A Incrível História de Henry Sugar
Adaptação literária literal
Por Pedro Sales
O escritor Roald Dahl é um dos autores mais conhecidos da literatura infanto-juvenil. São dele as obras “A Fantástica Fábrica de Chocolate”, “Matilda” e “Bom Gigante Amigo”, todas com adaptações nos cinemas. Além dessas, Dahl também escreveu “O Fantástico Senhor Raposo“, obra que se tornou filme nas mãos de Wes Anderson. Recentemente a literatura do autor passou por revisionismo em razão de trechos considerados “sensíveis”, mas também há pouco, teve mais obras adaptadas para o cinema. Anderson retomou então o contato com as criações de Dahl e realizou quatro curtas lançados diretos pela Netlfix: “O Cisne”, “O Caçador de Ratos”, “Veneno” e “A Incrível História de Henry Sugar“, o com maior duração e objeto deste texto. Nos curtas, o diretor reafirma o formalismo tão consolidado de sua filmografia, assim como demonstra a predominância de uma linguagem narrativa cada dia mais evidente, desde “A Crônica Francesa“.
Henry Sugar (Benedict Cumberbatch) é um homem rico, daqueles que não é mau, mas também não pode ser chamado de bom. Após ler um livro, ele se torna obcecado para aprender a ver com os olhos fechados. A técnica, para ele, é uma forma de trapacear no cassino e enriquecer. A história, contudo, não é só de Henry, mas de Imdad Khan (Ben Kingsley), do Dr. Chaterjee (Dev Patel) e de Roald Dahl (Ralph Fiennes). Ou seja, Wes Anderson trabalha neste filme em uma escala maior com um tipo de narrativa que ele tem usado com frequência: a narrativa moldura. Basicamente, é só um nome bonito para dizer que tem uma história dentro da história. Em “A Crônica Francesa” isso acontece com os artigos da revista que compõem a história maior, a publicação. E no recente “Asteroid City“, a história se subdivide em atores ensaiando uma peça, em preto e branco, e a peça em si, com a fotografia colorida.
Em “A Incrível História de Henry Sugar“, por outro lado, a alternância de personagens é constante. Roald Dahl nos conta a história de Henry Sugar, que lê o livro do Dr. Chaterjee, que conta a história de Imdad Khan. Portanto, aqui brinca-se muito com o recurso da narração, quem conta a história?
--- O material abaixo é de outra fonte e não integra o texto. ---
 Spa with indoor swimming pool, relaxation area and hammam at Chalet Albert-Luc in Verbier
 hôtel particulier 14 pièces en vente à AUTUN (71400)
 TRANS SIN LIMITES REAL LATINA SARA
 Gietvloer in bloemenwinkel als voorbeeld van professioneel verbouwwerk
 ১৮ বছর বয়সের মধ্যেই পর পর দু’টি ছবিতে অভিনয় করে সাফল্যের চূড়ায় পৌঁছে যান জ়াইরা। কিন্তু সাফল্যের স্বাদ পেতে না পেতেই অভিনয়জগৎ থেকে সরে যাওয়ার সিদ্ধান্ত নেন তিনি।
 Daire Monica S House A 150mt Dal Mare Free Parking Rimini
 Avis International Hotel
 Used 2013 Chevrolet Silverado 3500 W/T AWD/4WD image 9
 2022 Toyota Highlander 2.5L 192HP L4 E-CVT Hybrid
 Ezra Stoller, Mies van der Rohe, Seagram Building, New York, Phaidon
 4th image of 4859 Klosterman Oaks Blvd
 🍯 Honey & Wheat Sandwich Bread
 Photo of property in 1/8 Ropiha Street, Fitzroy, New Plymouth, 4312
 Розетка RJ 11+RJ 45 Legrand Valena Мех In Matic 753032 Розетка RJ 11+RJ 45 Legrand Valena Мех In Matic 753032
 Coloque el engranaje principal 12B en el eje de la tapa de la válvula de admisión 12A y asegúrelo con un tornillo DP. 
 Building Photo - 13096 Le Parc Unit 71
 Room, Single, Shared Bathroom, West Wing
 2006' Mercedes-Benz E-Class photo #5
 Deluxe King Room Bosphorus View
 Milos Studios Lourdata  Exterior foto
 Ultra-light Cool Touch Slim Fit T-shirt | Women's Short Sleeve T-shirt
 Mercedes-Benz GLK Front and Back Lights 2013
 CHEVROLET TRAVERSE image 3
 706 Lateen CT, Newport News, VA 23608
Nesse sentido, o filme se torna uma adaptação literária literal na medida que parece uma transcrição palavra-por-palavra do texto original. Isso cria, em um primeiro momento, um senso de desorientação, sobretudo pela narração acelerada dos personagens. Mas logo o espectador-leitor se ambienta com essa lógica frenética de contar histórias e ao humor que existe nessa abordagem. Os personagens, por exemplo, quebram constantemente a quarta parede e utilizam os verbos de elocução, como “‘Você não deveria fazer isso’, disse eu”, algo estranho mas que preserva a literariedade.
Outro aspecto bastante evidente da direção de Anderson e presente aqui é o formalismo. O cineasta é amplamente conhecido por uma mise-en-scène muito própria, com tons pastéis, planos extremamente simétricos e movimentos de câmera bem delimitados, como os travellings laterais e os dollys que aproximam e se afastam dos personagens. Tudo isso se faz presente no curta-metragem, afinal, é a assinatura do diretor. O artificialismo provocado por tais escolhas estéticas jamais soa deslocado da proposta fantasiosa da história. Pelo contrário, elas reforçam o tom por meio das trucagens de levitação, das mudanças de cenários, todos planos e sem profundidade de campo, da aparição e exposição de contrarregras para ajustarem as cenas e, por fim, da reciclagem de atores, que constantemente aparecem na tela interpretando mais de um personagem.
“A Incrível História de Henry Sugar” demonstra, antes de tudo, a consolidação do autorismo de Wes Anderson, o qual esteve atrelado inicialmente a um aspecto formal e agora avança para o narrativo. Para além dessa marca na filmografia do diretor, esta é uma obra que brinca com a adaptação literária. Parece até uma resposta cínica àqueles espectadores que tanto reclamam da falta de fidelidade na transposição dos livros para as telas. Por mais que essa narração desgovernada dê um nó na cabeça de quem assiste, é interessante constatar como cada pedaço se associa ludicamente para o geral, renovando o interesse do público. É só conhecendo a história do enigmático Imdad Khan que é possível entender como Henry atingiu um nível de visão para além do nosso. Como ele se tornou capaz de ver vendado, sabendo qual seria a próxima carta entregue na mesa de 21 no cassino.